* TASK REQUIREMENTS: Print nothing but the lines below starting at the line that holds "ديسبنسر عسل 🍯" and ending at the line that holds "Bull Outdoor Products", including both, each exactly as written.
───── LISTED ENTRIES ─────
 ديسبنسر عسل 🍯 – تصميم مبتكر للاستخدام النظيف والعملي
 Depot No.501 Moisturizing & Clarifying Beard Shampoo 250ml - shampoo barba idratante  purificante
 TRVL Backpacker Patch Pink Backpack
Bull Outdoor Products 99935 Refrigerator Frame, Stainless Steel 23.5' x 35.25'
─────
───── LISTED ENTRIES ─────
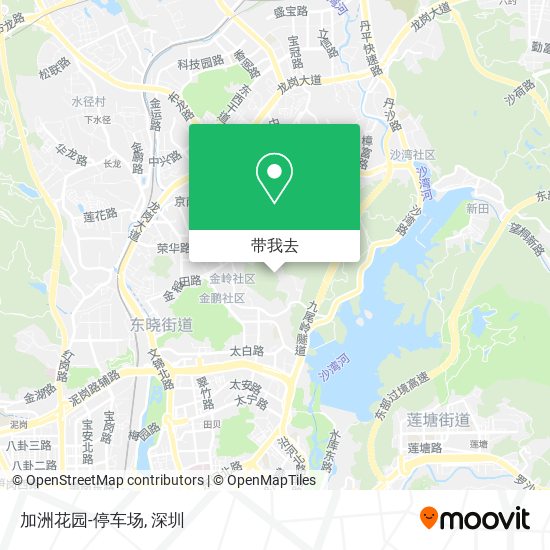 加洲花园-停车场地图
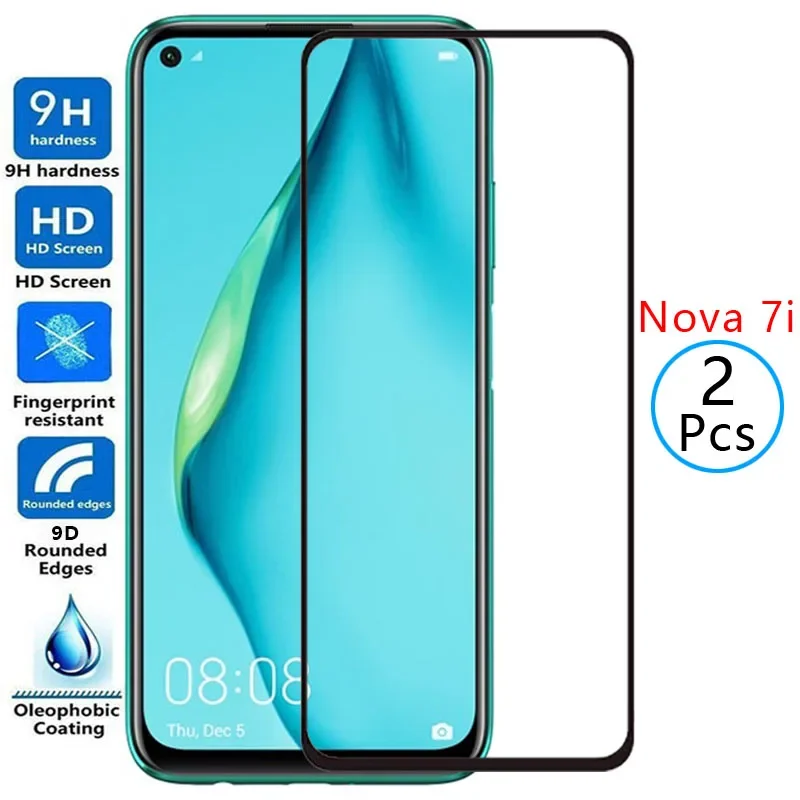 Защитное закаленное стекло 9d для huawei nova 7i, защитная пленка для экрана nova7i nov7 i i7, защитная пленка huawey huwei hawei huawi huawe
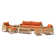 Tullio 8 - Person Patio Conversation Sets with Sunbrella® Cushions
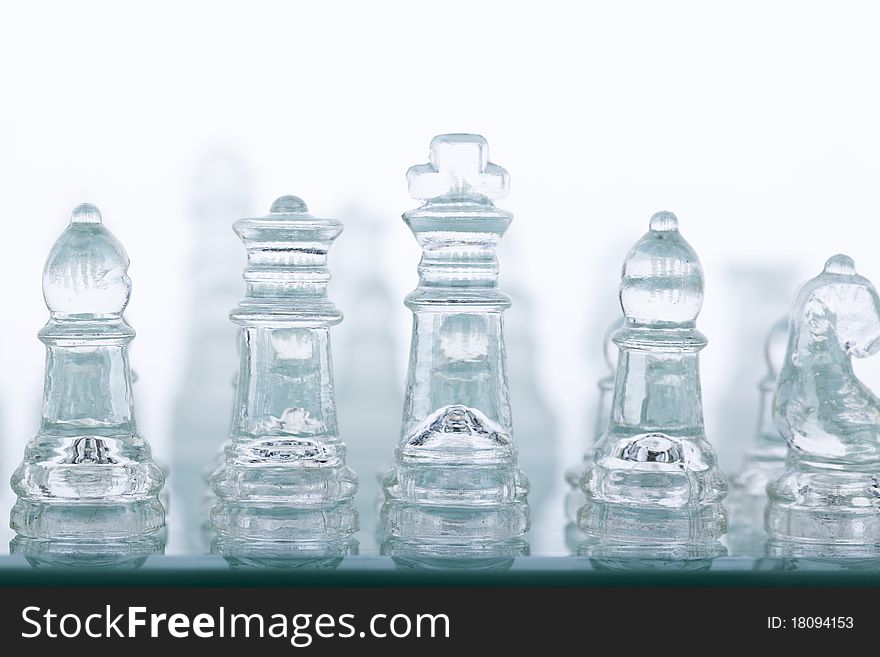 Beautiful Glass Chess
─────
───── LISTED ENTRIES ─────
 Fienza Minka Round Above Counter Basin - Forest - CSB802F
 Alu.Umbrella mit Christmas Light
─────
* RESULT OF THIS TASK:
 ديسبنسر عسل 🍯 – تصميم مبتكر للاستخدام النظيف والعملي
 Depot No.501 Moisturizing & Clarifying Beard Shampoo 250ml - shampoo barba idratante  purificante
 TRVL Backpacker Patch Pink Backpack
Bull Outdoor Products 99935 Refrigerator Frame, Stainless Steel 23.5' x 35.25'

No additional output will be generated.